El gobierno mexicano tiene además una obligación de transparencia. La Secretaría de Relaciones Exteriores debería informar con claridad cuántos trabajadores están realmente afectados, en qué consulados se encuentran, qué plazos enfrentan, qué alternativas se negocian con Estados Unidos y qué medidas laborales se ofrecerán a quienes no puedan permanecer allá. La incertidumbre prolongada sólo multiplica angustia y rumores.
No basta con afirmar que “se está atendiendo el asunto”. Quienes tienen su vida suspendida necesitan fechas, opciones y soluciones.
La situación adquiere todavía mayor relevancia porque ocurre en un momento particularmente delicado de la relación bilateral. La administración Trump endureció controles migratorios, visas y revisiones sobre extranjeros y mantiene bajo especial escrutinio diversos aspectos de la relación con México. Precisamente por eso nuestras instituciones deberían actuar con mayor previsión y no esperar a que cada crisis alcance su fecha límite.
La relación con Estados Unidos siempre tendrá espacios de cooperación y desacuerdo. México debe respetar la soberanía estadounidense para establecer sus normas migratorias y, al mismo tiempo, utilizar toda su capacidad diplomática para proteger legítimamente los intereses de sus ciudadanos y de quienes trabajan para nuestro Estado. Ambas cosas son compatibles.
Lo que no sería aceptable es esconder una omisión mexicana detrás del discurso de soberanía.
La política exterior madura también consiste en reconocer errores propios.
Si durante diez años se administró el problema mediante prórrogas, es momento de dejar de patear el balón hacia adelante. Sheinbaum y Velasco pueden recibir una circunstancia heredada de varias administraciones y, al mismo tiempo, ser quienes finalmente la resuelvan. No tienen por qué justificar lo que se hizo o dejó de hacerse antes; tienen la obligación de impedir que continúe ocurriendo.
Hay además una dimensión moral que no debería perderse entre reglamentos y categorías migratorias. Quien dedica décadas a servir a una institución construye una relación de reciprocidad con ella. El Estado exige disciplina, experiencia, responsabilidad y lealtad a sus trabajadores. A cambio adquiere también obligaciones frente a ellos.

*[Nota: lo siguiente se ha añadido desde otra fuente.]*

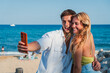 © Jose Calsina - A Joyful Young Couple Taking Selfie at the Beach with Smartphone on a Beautiful Sunny Day. Boyfriend and Girlfriend Create Lasting Memories Against the Stunning Ocean Waves at Coastline on Vacations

No puede haber lealtad de un solo lado.
Sería especialmente doloroso que México permitiera que quienes durante años dijeron a nuestros paisanos “el consulado está aquí para ayudarte” terminen descubriendo que, cuando ellos necesitaron auxilio, nadie estaba del otro lado del mostrador.
La defensa de los mexicanos en Estados Unidos no puede reducirse a discursos frente a ICE o a protestas cuando existe una deportación injusta. Se demuestra también protegiendo a quienes diariamente mantienen abierta la puerta del consulado, contestan teléfonos, procesan documentos, acompañan casos y sostienen la relación del Estado mexicano con sus comunidades.
México tiene frente a sí una oportunidad para actuar antes de que una dificultad administrativa se transforme en una injusticia humana. Estados Unidos puede mantener sus reglas y México negociar dentro de ellas. Hay margen para soluciones individualizadas, apoyos laborales, alternativas migratorias y una transición ordenada. Lo que no debería existir es indiferencia.
Claudia Sheinbaum y Roberto Velasco deben involucrarse directamente. No para convertir el asunto en pleito diplomático, sino para evitar que termine en abandono burocrático. Hay trabajadores que llevan más tiempo sirviendo en los consulados de lo que muchos funcionarios llevan participando en la vida pública. Merecen respeto, certeza y una respuesta del país al que representaron.
Durante años, ellos trabajaron por los mexicanos. Ahora México debe trabajar por ellos.
Porque la protección consular pierde autoridad moral cuando quienes la brindan quedan desprotegidos.
México debe proteger a quienes trabajan por los mexicanos en Estados Unidos. Y debe hacerlo antes de que sea demasiado tarde.